- Problem details -
Reproduce each line of the data exactly as it is.

(Scraped caption text data)
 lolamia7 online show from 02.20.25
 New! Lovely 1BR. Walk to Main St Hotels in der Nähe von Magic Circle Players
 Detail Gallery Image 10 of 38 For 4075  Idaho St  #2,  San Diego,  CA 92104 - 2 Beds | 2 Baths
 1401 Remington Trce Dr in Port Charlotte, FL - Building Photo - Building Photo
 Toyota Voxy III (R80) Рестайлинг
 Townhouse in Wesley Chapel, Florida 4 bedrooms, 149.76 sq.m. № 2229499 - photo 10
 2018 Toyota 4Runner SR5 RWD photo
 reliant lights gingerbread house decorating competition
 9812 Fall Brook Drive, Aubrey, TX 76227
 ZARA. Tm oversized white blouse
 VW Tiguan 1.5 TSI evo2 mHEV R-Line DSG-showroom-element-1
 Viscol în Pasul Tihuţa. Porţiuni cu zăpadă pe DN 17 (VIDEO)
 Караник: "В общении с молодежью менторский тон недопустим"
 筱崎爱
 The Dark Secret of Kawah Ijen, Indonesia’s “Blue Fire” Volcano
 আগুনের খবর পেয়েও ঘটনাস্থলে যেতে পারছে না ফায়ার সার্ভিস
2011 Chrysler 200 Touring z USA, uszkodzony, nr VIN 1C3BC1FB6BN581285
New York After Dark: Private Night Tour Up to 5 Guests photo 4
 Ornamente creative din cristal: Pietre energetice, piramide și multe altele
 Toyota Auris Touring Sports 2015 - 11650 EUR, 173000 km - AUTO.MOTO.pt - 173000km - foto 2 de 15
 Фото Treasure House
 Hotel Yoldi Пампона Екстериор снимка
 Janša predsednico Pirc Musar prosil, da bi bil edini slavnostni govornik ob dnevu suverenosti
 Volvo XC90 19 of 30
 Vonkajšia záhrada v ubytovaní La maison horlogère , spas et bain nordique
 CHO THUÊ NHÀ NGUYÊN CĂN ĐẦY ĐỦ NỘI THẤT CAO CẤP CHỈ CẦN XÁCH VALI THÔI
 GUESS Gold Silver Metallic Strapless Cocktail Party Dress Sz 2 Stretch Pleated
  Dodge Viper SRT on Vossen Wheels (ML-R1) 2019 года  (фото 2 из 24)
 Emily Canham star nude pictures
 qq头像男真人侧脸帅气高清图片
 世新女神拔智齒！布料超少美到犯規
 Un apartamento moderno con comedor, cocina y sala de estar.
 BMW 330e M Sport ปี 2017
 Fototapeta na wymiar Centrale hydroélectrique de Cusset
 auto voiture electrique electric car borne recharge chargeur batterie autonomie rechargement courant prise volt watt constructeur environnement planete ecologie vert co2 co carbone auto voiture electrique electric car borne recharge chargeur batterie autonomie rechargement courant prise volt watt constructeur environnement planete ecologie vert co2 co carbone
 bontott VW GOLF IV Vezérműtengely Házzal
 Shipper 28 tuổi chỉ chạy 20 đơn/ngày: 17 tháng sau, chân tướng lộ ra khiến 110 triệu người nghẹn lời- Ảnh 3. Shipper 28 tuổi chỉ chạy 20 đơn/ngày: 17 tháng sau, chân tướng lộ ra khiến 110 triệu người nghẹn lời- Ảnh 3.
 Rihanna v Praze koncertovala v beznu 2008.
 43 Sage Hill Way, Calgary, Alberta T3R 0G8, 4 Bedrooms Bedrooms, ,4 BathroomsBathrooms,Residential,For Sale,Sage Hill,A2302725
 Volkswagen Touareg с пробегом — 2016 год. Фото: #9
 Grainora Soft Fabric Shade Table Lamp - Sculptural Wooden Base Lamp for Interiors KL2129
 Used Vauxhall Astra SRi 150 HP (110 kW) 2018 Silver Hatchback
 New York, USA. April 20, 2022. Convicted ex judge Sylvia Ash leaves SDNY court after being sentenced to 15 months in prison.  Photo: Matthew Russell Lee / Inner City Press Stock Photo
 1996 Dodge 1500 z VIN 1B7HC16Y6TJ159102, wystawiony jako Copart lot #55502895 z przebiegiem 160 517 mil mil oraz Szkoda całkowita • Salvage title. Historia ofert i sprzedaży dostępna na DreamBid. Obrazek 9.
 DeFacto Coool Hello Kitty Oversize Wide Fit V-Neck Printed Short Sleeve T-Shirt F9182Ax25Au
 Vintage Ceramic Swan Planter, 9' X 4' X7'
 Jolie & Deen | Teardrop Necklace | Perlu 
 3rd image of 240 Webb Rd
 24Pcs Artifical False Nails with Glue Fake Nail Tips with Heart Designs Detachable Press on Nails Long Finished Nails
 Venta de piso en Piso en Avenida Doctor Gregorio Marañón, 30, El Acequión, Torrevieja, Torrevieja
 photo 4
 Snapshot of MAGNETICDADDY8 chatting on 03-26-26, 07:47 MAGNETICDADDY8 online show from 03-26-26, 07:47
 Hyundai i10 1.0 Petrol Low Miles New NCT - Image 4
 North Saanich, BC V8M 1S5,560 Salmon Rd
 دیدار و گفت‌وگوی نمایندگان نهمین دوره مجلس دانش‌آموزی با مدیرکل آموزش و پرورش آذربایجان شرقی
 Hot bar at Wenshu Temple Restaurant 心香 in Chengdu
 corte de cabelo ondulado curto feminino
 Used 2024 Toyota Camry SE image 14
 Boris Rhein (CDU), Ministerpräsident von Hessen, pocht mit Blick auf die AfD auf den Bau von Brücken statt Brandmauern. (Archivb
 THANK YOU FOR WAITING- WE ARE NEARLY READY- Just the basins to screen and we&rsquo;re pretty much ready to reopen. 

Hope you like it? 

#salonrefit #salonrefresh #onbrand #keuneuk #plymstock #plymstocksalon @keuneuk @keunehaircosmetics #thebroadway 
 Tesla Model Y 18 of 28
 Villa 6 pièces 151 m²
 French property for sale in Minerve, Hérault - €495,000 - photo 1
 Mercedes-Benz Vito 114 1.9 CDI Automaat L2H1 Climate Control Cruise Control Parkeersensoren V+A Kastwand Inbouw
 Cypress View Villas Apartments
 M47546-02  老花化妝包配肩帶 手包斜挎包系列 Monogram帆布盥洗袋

- Exercise output -
 lolamia7 online show from 02.20.25
 New! Lovely 1BR. Walk to Main St Hotels in der Nähe von Magic Circle Players
 Detail Gallery Image 10 of 38 For 4075  Idaho St  #2,  San Diego,  CA 92104 - 2 Beds | 2 Baths
 1401 Remington Trce Dr in Port Charlotte, FL - Building Photo - Building Photo
 Toyota Voxy III (R80) Рестайлинг
 Townhouse in Wesley Chapel, Florida 4 bedrooms, 149.76 sq.m. № 2229499 - photo 10
 2018 Toyota 4Runner SR5 RWD photo
 reliant lights gingerbread house decorating competition
 9812 Fall Brook Drive, Aubrey, TX 76227
 ZARA. Tm oversized white blouse
 VW Tiguan 1.5 TSI evo2 mHEV R-Line DSG-showroom-element-1
 Viscol în Pasul Tihuţa. Porţiuni cu zăpadă pe DN 17 (VIDEO)
 Караник: "В общении с молодежью менторский тон недопустим"
 筱崎爱
 The Dark Secret of Kawah Ijen, Indonesia’s “Blue Fire” Volcano
 আগুনের খবর পেয়েও ঘটনাস্থলে যেতে পারছে না ফায়ার সার্ভিস
2011 Chrysler 200 Touring z USA, uszkodzony, nr VIN 1C3BC1FB6BN581285
New York After Dark: Private Night Tour Up to 5 Guests photo 4
 Ornamente creative din cristal: Pietre energetice, piramide și multe altele
 Toyota Auris Touring Sports 2015 - 11650 EUR, 173000 km - AUTO.MOTO.pt - 173000km - foto 2 de 15
 Фото Treasure House
 Hotel Yoldi Пампона Екстериор снимка
 Janša predsednico Pirc Musar prosil, da bi bil edini slavnostni govornik ob dnevu suverenosti
 Volvo XC90 19 of 30
 Vonkajšia záhrada v ubytovaní La maison horlogère , spas et bain nordique
 CHO THUÊ NHÀ NGUYÊN CĂN ĐẦY ĐỦ NỘI THẤT CAO CẤP CHỈ CẦN XÁCH VALI THÔI
 GUESS Gold Silver Metallic Strapless Cocktail Party Dress Sz 2 Stretch Pleated
  Dodge Viper SRT on Vossen Wheels (ML-R1) 2019 года  (фото 2 из 24)
 Emily Canham star nude pictures
 qq头像男真人侧脸帅气高清图片
 世新女神拔智齒！布料超少美到犯規
 Un apartamento moderno con comedor, cocina y sala de estar.
 BMW 330e M Sport ปี 2017
 Fototapeta na wymiar Centrale hydroélectrique de Cusset
 auto voiture electrique electric car borne recharge chargeur batterie autonomie rechargement courant prise volt watt constructeur environnement planete ecologie vert co2 co carbone auto voiture electrique electric car borne recharge chargeur batterie autonomie rechargement courant prise volt watt constructeur environnement planete ecologie vert co2 co carbone
 bontott VW GOLF IV Vezérműtengely Házzal
 Shipper 28 tuổi chỉ chạy 20 đơn/ngày: 17 tháng sau, chân tướng lộ ra khiến 110 triệu người nghẹn lời- Ảnh 3. Shipper 28 tuổi chỉ chạy 20 đơn/ngày: 17 tháng sau, chân tướng lộ ra khiến 110 triệu người nghẹn lời- Ảnh 3.
 Rihanna v Praze koncertovala v beznu 2008.
 43 Sage Hill Way, Calgary, Alberta T3R 0G8, 4 Bedrooms Bedrooms, ,4 BathroomsBathrooms,Residential,For Sale,Sage Hill,A2302725
 Volkswagen Touareg с пробегом — 2016 год. Фото: #9
 Grainora Soft Fabric Shade Table Lamp - Sculptural Wooden Base Lamp for Interiors KL2129
 Used Vauxhall Astra SRi 150 HP (110 kW) 2018 Silver Hatchback
 New York, USA. April 20, 2022. Convicted ex judge Sylvia Ash leaves SDNY court after being sentenced to 15 months in prison.  Photo: Matthew Russell Lee / Inner City Press Stock Photo
 1996 Dodge 1500 z VIN 1B7HC16Y6TJ159102, wystawiony jako Copart lot #55502895 z przebiegiem 160 517 mil mil oraz Szkoda całkowita • Salvage title. Historia ofert i sprzedaży dostępna na DreamBid. Obrazek 9.
 DeFacto Coool Hello Kitty Oversize Wide Fit V-Neck Printed Short Sleeve T-Shirt F9182Ax25Au
 Vintage Ceramic Swan Planter, 9' X 4' X7'
 Jolie & Deen | Teardrop Necklace | Perlu 
 3rd image of 240 Webb Rd
 24Pcs Artifical False Nails with Glue Fake Nail Tips with Heart Designs Detachable Press on Nails Long Finished Nails
 Venta de piso en Piso en Avenida Doctor Gregorio Marañón, 30, El Acequión, Torrevieja, Torrevieja
 photo 4
 Snapshot of MAGNETICDADDY8 chatting on 03-26-26, 07:47 MAGNETICDADDY8 online show from 03-26-26, 07:47
 Hyundai i10 1.0 Petrol Low Miles New NCT - Image 4
 North Saanich, BC V8M 1S5,560 Salmon Rd
 دیدار و گفت‌وگوی نمایندگان نهمین دوره مجلس دانش‌آموزی با مدیرکل آموزش و پرورش آذربایجان شرقی
 Hot bar at Wenshu Temple Restaurant 心香 in Chengdu
 corte de cabelo ondulado curto feminino
 Used 2024 Toyota Camry SE image 14
 Boris Rhein (CDU), Ministerpräsident von Hessen, pocht mit Blick auf die AfD auf den Bau von Brücken statt Brandmauern. (Archivb
 THANK YOU FOR WAITING- WE ARE NEARLY READY- Just the basins to screen and we&rsquo;re pretty much ready to reopen. 

Hope you like it? 

#salonrefit #salonrefresh #onbrand #keuneuk #plymstock #plymstocksalon @keuneuk @keunehaircosmetics #thebroadway 
 Tesla Model Y 18 of 28
 Villa 6 pièces 151 m²
 French property for sale in Minerve, Hérault - €495,000 - photo 1
 Mercedes-Benz Vito 114 1.9 CDI Automaat L2H1 Climate Control Cruise Control Parkeersensoren V+A Kastwand Inbouw
 Cypress View Villas Apartments
 M47546-02  老花化妝包配肩帶 手包斜挎包系列 Monogram帆布盥洗袋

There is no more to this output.